Com tudo a seu favor, Ronaldinho decidiu seguir como um esboço de sua história. Não se preocupa nem mesmo em honrá-la, por uma última vez que seja, e demonstrar à geração fã de Neymar que ele também era fantástico com a bola nos pés. Está resignado. De um passe a um gol, uma boa atuação aqui, outra ali, o camisa 10 do Flamengo sobreviveu. Mas seu prazo claramente está vencido. O alto investimento rubro-negro já não se justifica. Mesmo diante de tanta paciência, de tanta devoção. Pouco importa se é convocado para a Seleção Brasileira ou não. Seus desfalques em jogos pelo Flamengo não incomodam. Por respeito a si mesmo, o jogador deveria buscar, ao menos, um pouco de vontade em ser de novo um craque. Porque este Ronaldinho atual tornou-se uma figura descartável.

29 de março de 2012


O caminhar de Edmundo

7 de dezembro de 2008. Nem trinta minutos tinham se passado do rebaixamento do Vasco em São Januário quando, sozinho, uma figura cruzava o campo já quase na penumbra de São Januário, rumo ao estacionamento. Olhos marejados, cabisbaixo, passos apressados, Edmundo deixou o campo no qual tanto brilhou quase na clandestinidade. Não merecia. Por tudo que fez pelo Vasco. Pelo craque que foi. Por ser uma contradição com uma personalidade sempre explosiva, em busca de destaque. Pouco mais de três anos depois, o Animal ressurgiu.
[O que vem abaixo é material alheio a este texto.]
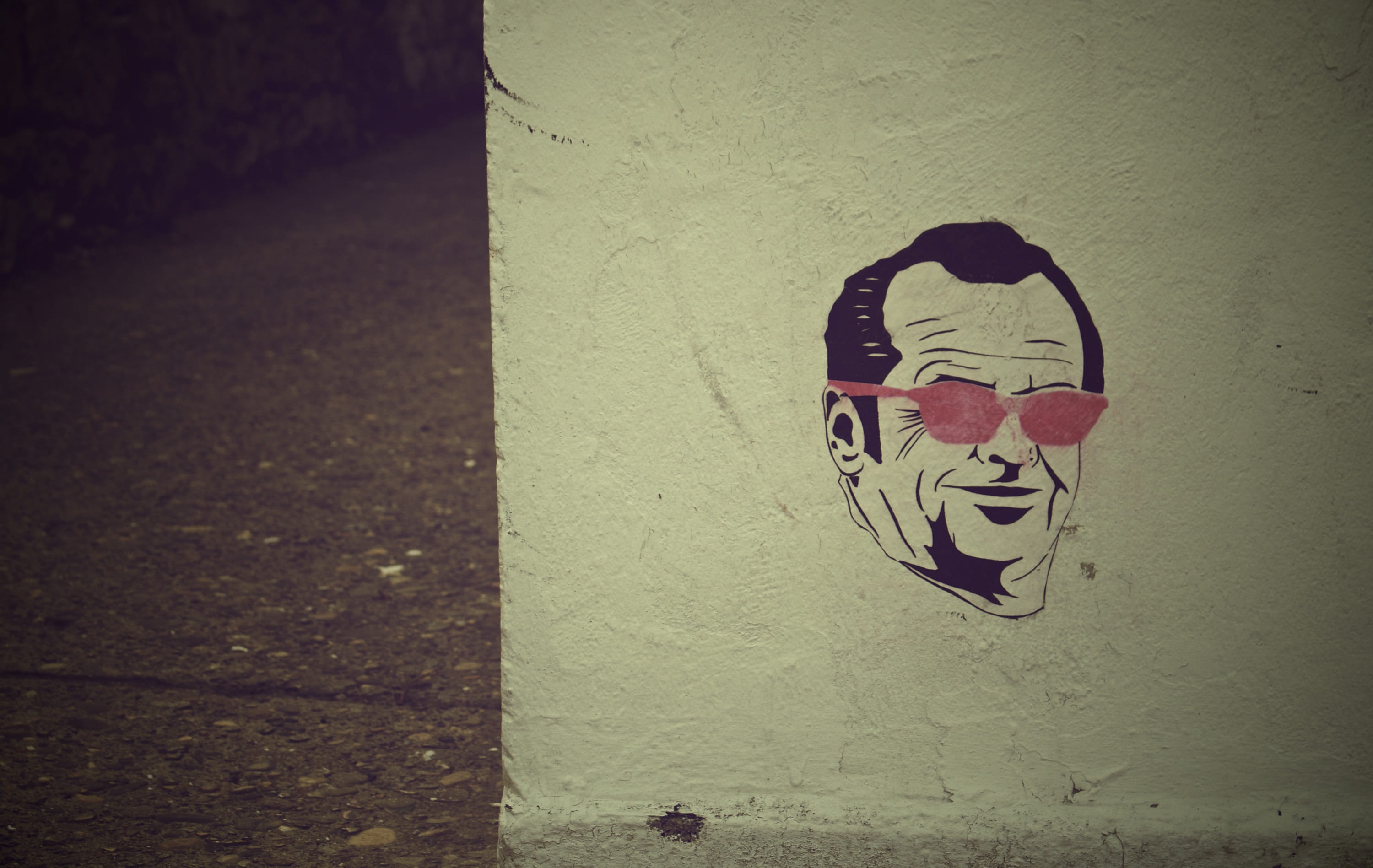 day, mafia, sign, street art, face, security, bandit, architecture, nature, hanging, outdoors, protection, sport, no people, cartoon, burglar, jack nicholson, HD Wallpaper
Em vez da penumbra, os holofotes. Os olhos de novo marejados, mas desta vez a tristeza deu lugar à alegria. No peito, a camisa do clube que tanto ama. Na arquibancada, os protestos deram lugar às homenagens. Nas costas, o número 10 com o qual tanto brilhou. E seguem os aplausos. Merecidos, portanto, para aquela noite. Porque Edmundo errou ao longo da carreira e da vida. E como errou. Mas a noite era de celebração. De festa. Em homenagem ao craque e ao personagem que foi no futebol brasileiro.
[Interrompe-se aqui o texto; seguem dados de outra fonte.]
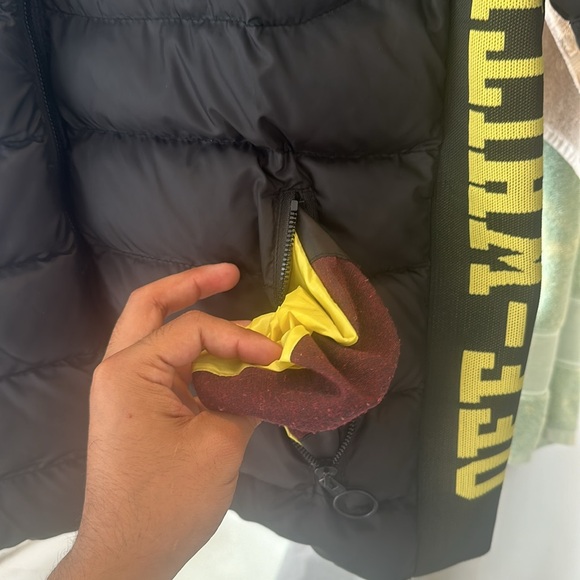 Off-White Black and Yellow Puffer (100% Authentic) Extremely Rare Size M(Slim L) - Picture 6 of 13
Há quem não compreenda tamanha idolatria da torcida vascaína ao, agora definitivamente, ex-atacante. Pois é fácil explicar. Edmundo entende a língua da gente que leva a cruz-de-malta no peito. Por essa gente, a sua gente, foi feliz. Deu carrinhos, debochou, correu, explodiu, deu declarações sem pensar. Sofreu, raspou o cabelo como autopunição, chorou, fez gols e até vestiu a camisa de goleiro. Encarnou a paixão que emana da Colina como poucos fizeram na história. Incoerente, vestiu a camisa do maior rival e desrespeitou sua torcida. Reação agressiva de quem, com emoções repreendidas em cores que não eram as de suas raízes, ama. Por tudo isso, mais de 20 mil cúmplices dessa paixão estavam lá, a postos para o último adeus.

Incoerente até o último fio de cabelo, Edmundo fez sua despedida quase três anos depois da aposentadoria. Mais encorpado, embora ainda técnico, fez seu gol de pênalti. Agradeceu, aplaudiu, se emocionou. E, de primeira, completou o cruzamento que veio pelo alto. Debochado, repetiu a dancinha provocante que eternizou 15 anos atrás em seu êxtase com a camisa cruzmaltina diante do grande rival. Festa completa para o ídolo que fez explodir o amor pela cruz-de-malta de uma geração de vascaínos. Ao deixar o gramado, expulsou os demônios daquele triste e escuro caminhar de 7 de dezembro de 2008. Agradeceu aos torcedores, "do fundo do coração". Disse estar em paz consigo mesmo. A caminhada agora é feliz, sob luz, honrarias e aplausos. Da arquibancada, Edmundo ouviu gritos de "Fica!". Tolice. Mal perceberam que o Animal já havia atendido a este pedido. Edmundo ficou mesmo. Entre suas contradições, amado e odiado, ele está na história do Vasco e, consequentemente, do futebol brasileiro. Fará uma falta animal.